• _YOUR GOAL_: Output, exactly as written, the lines below from the one that has "Traditional turkish iskender" through the one that has "Bouquet of 100"; nothing else, and no pictures.

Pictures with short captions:
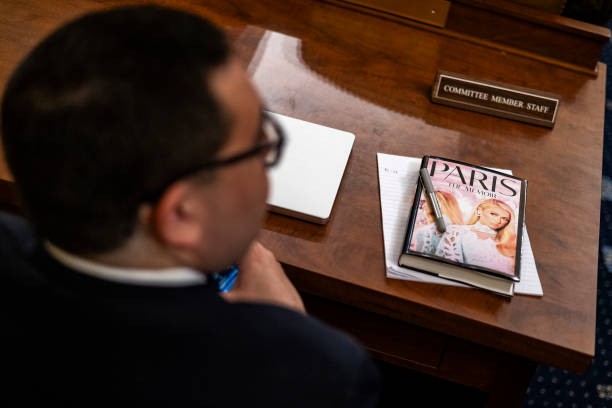 WASHINGTON, DC - JUNE 26: A committee staff member brought a copy of Actress and child welfare advocate Paris Hilton's memoir to the House Committee on Ways and Means hearing on 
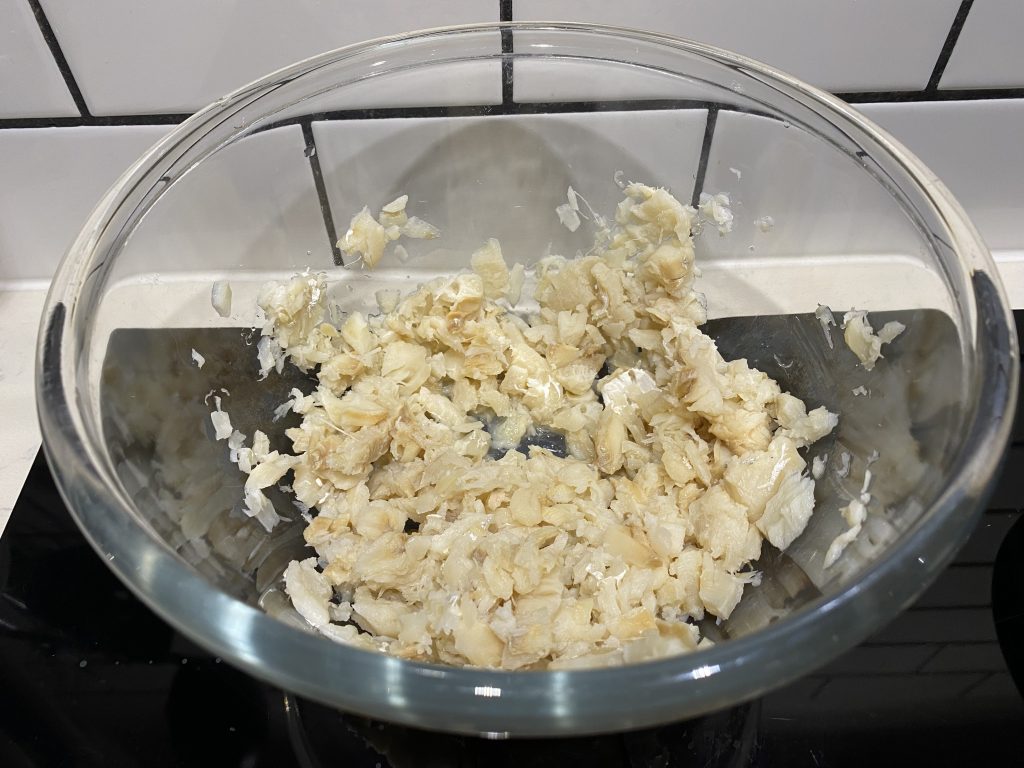 Breaking up the bacalhau into pieces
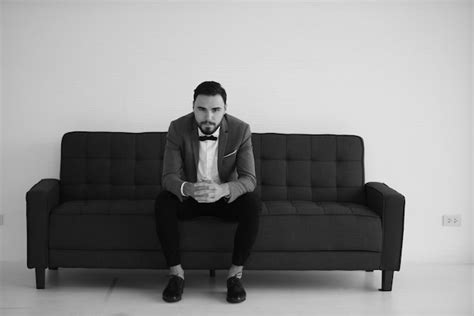 Premium Photo Full Length Portrait Of Young Man Sitting On Sofa At Home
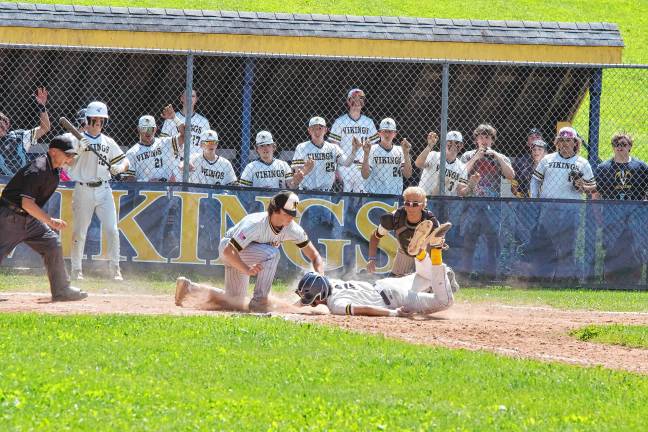 Photos: Vikings advance to semifinal <b>West Milford pitcher Cole Czerepak tags out Vernon runner Joe Rodriguez at home plate in the fifth inning of their game Friday, May 30. Vernon won, 10-5, in the quarterfinal round of the NJSIAA North Jersey, Section 1, Group 2 tournament. The team will face Glen Rock in the semifinal round Tuesday, June 3. (Photos by George Leroy Hunter)</b>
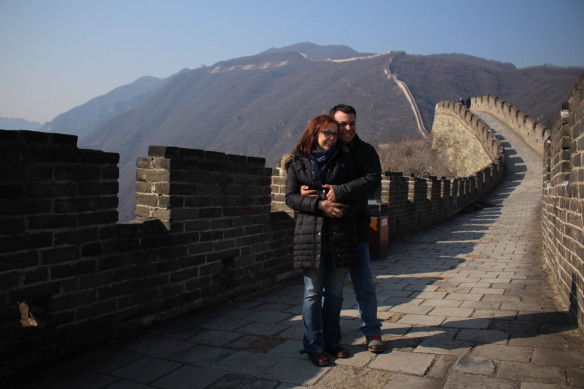 Alex and Bell are standing on a pathed section of the Great Wall of China with mountains and the wall trailing along them in the background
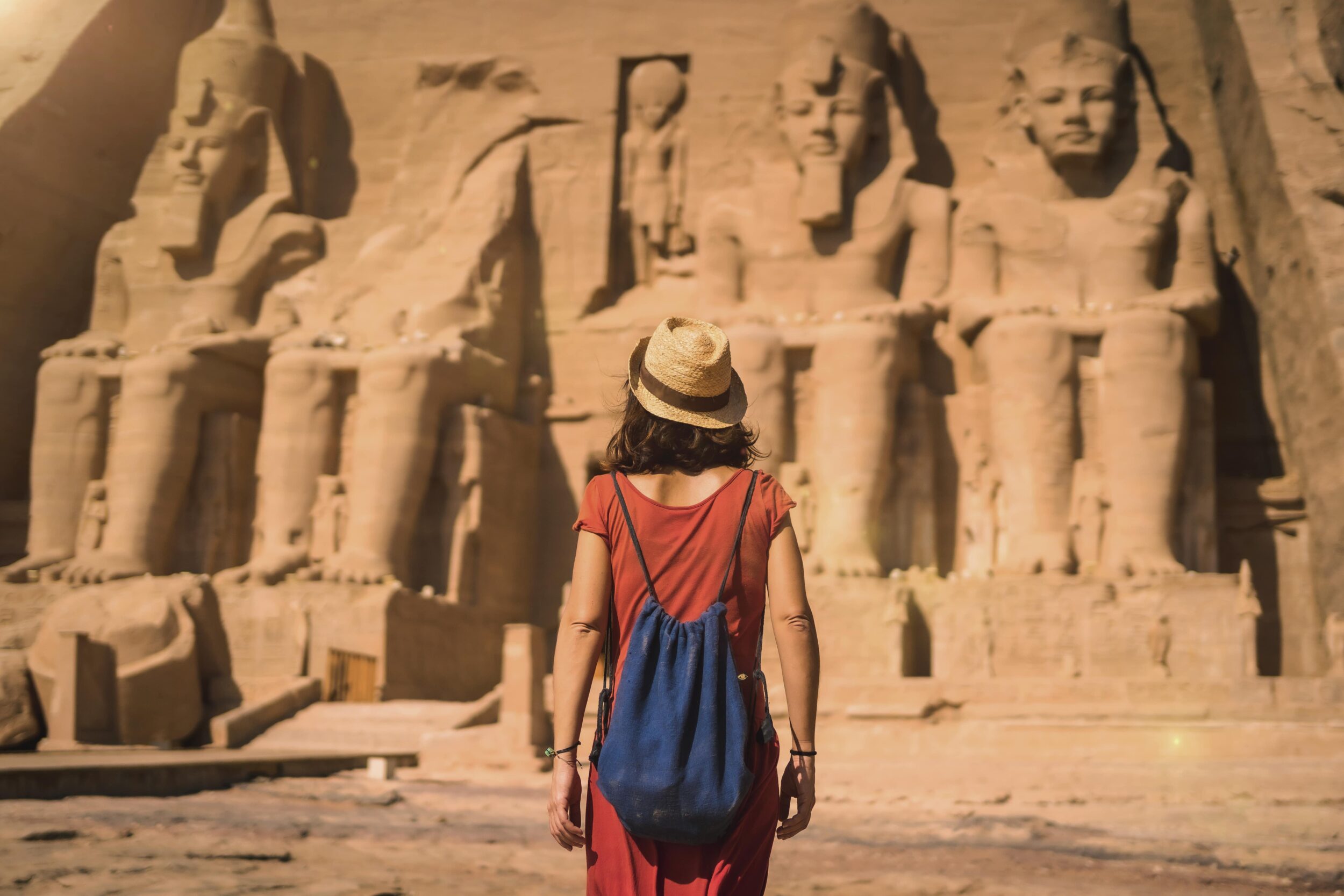 a-young-tourist-in-a-red-dress-entering-the-abu-si-2024-12-10-01-59-21-utc-min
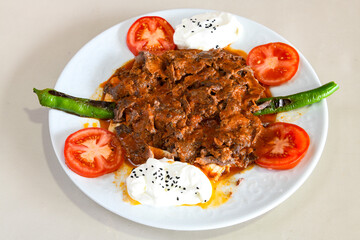 Traditional turkish iskender kebab in copper plate with yogurt, grilled tomatoes and fresh vegetables.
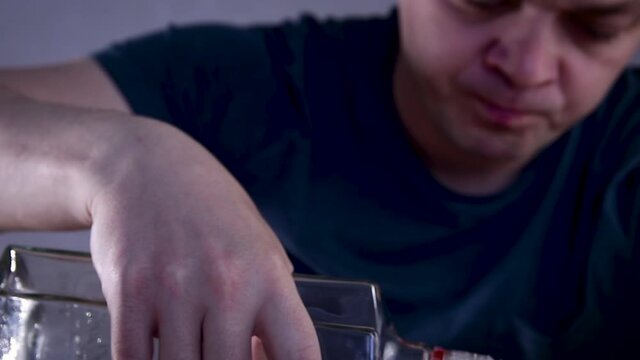 Alcoholic guy drinking cold transparent alcohol drink sake, tequila or rum. Man pouring up frozen vodka from bottle into shot glass .Alcohol dependence addiction
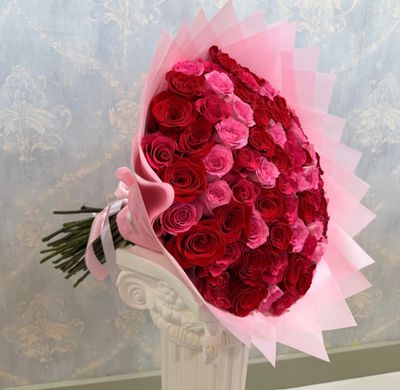 Bouquet of 100 long-stem pink and red roses wrapped in elegant soft pink paper
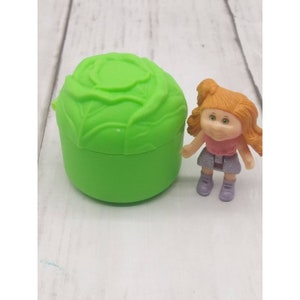 May include: A green plastic cabbage-shaped container with a matching lid, next to a small doll. The doll has orange hair, a pink top, a sparkly silver skirt, and purple shoes. The container is a bright, solid green color.
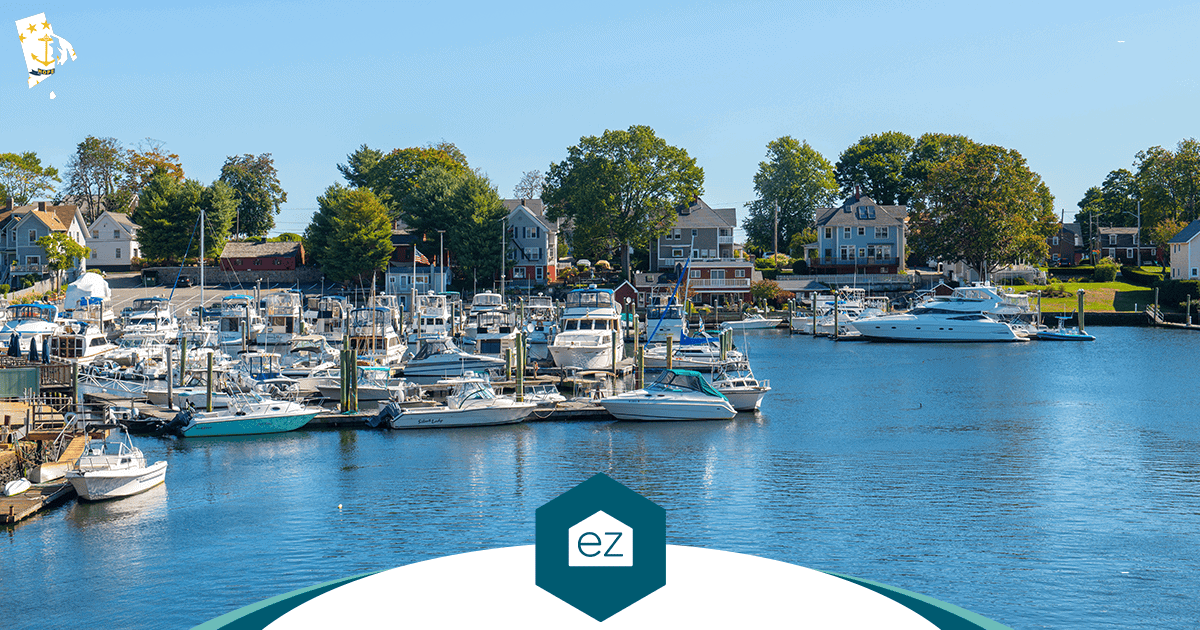 Boats docked at a small Rhode Island marina with houses and trees along the shoreline on a clear day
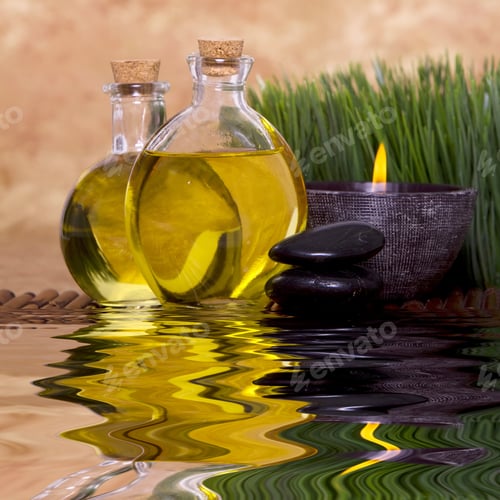 Preview: Relaxing Candle And Massage Oil Bottles Front Of Green Grass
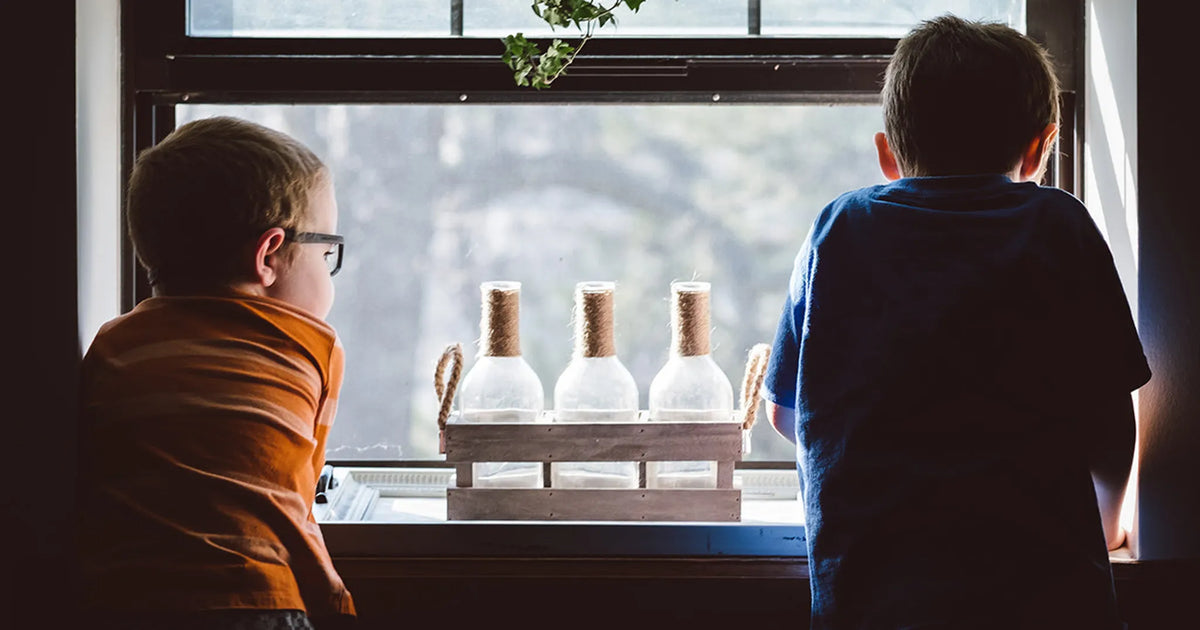 two kids looking out a window near glass bottles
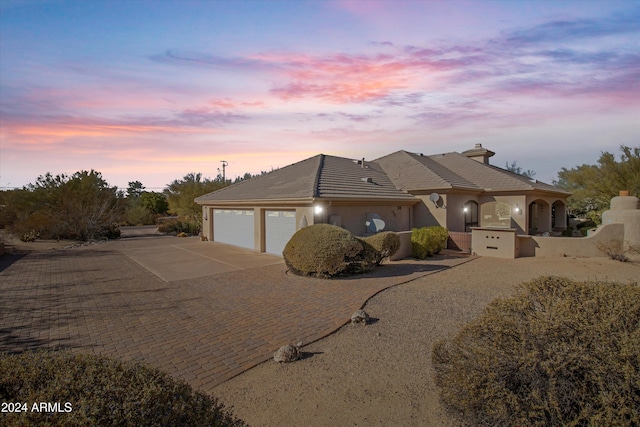 view of front of home with an attached garage, driveway, a tile roof, and stucco siding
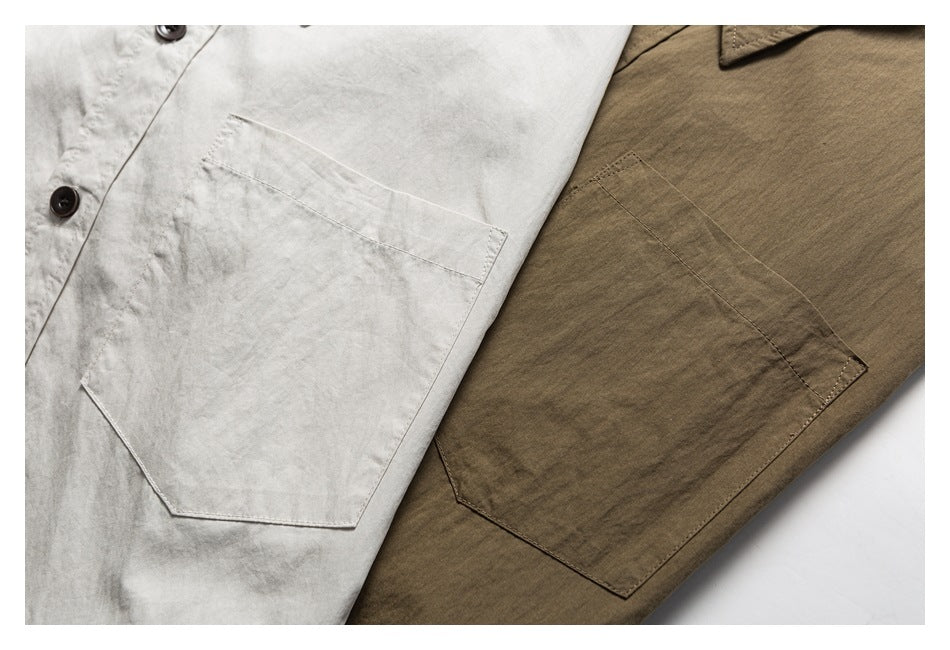 Close-up of overlapping off-white and brown garments, showing buttons and large stitched patch pockets.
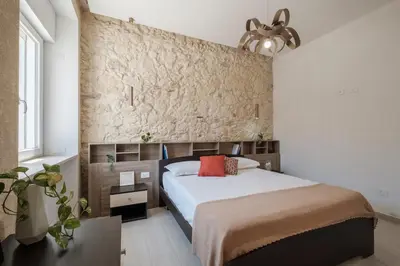 Letto o letti in una camera di Comfort Oleandro Suite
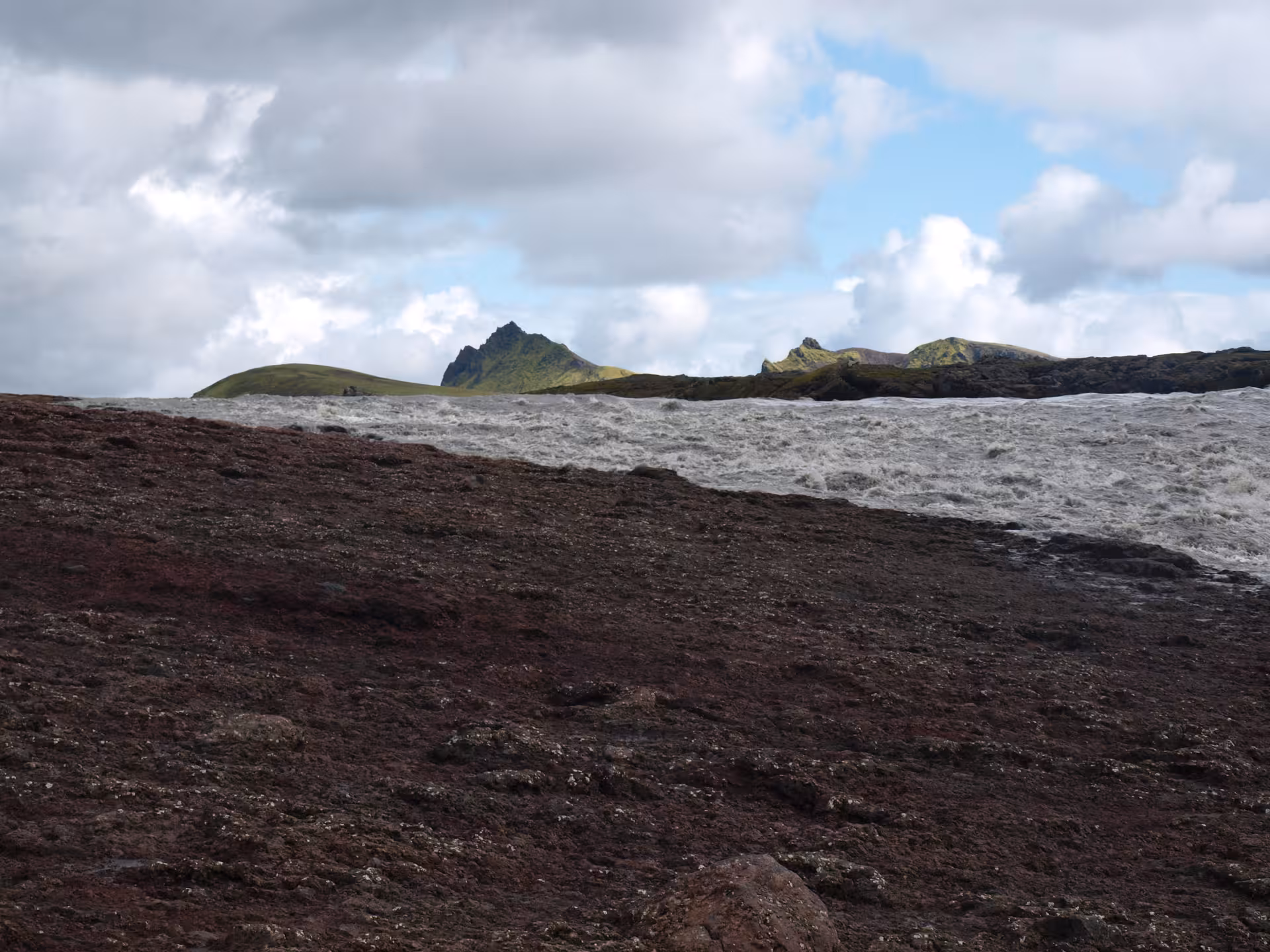 Turbulent glacial river rushing past dark volcanic rocks with green moss-covered peaks in Iceland Highlands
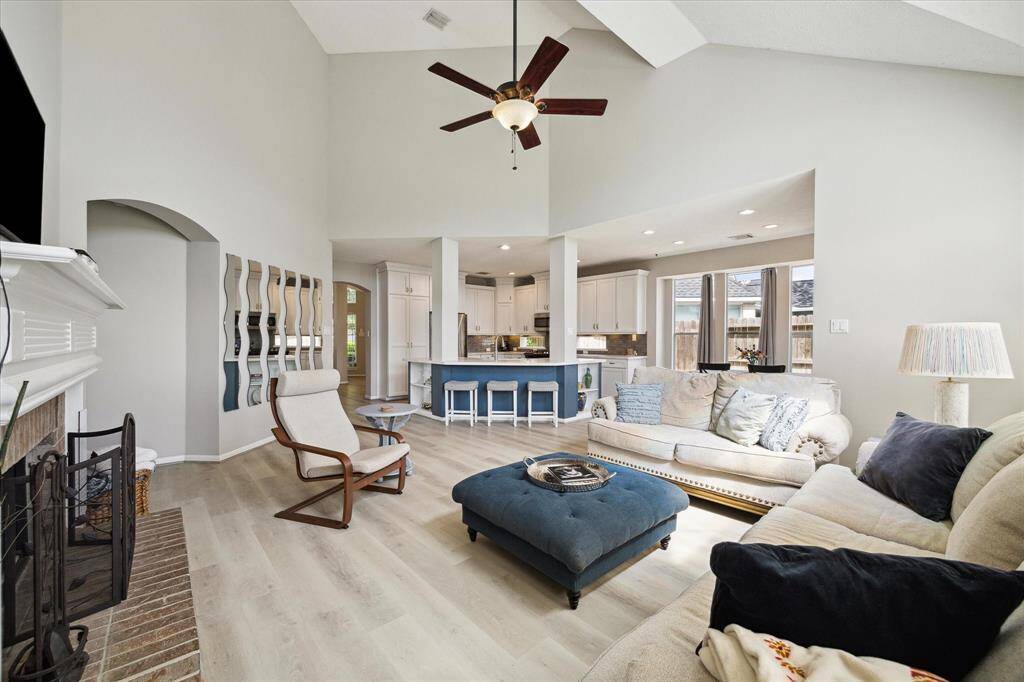 Spacious open-concept living area seamlessly flows into a modern kitchen, perfect for entertaining.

• _EXERCISE RESULT_:
 Traditional turkish iskender kebab in copper plate with yogurt, grilled tomatoes and fresh vegetables.
 Alcoholic guy drinking cold transparent alcohol drink sake, tequila or rum. Man pouring up frozen vodka from bottle into shot glass .Alcohol dependence addiction
 Bouquet of 100 long-stem pink and red roses wrapped in elegant soft pink paper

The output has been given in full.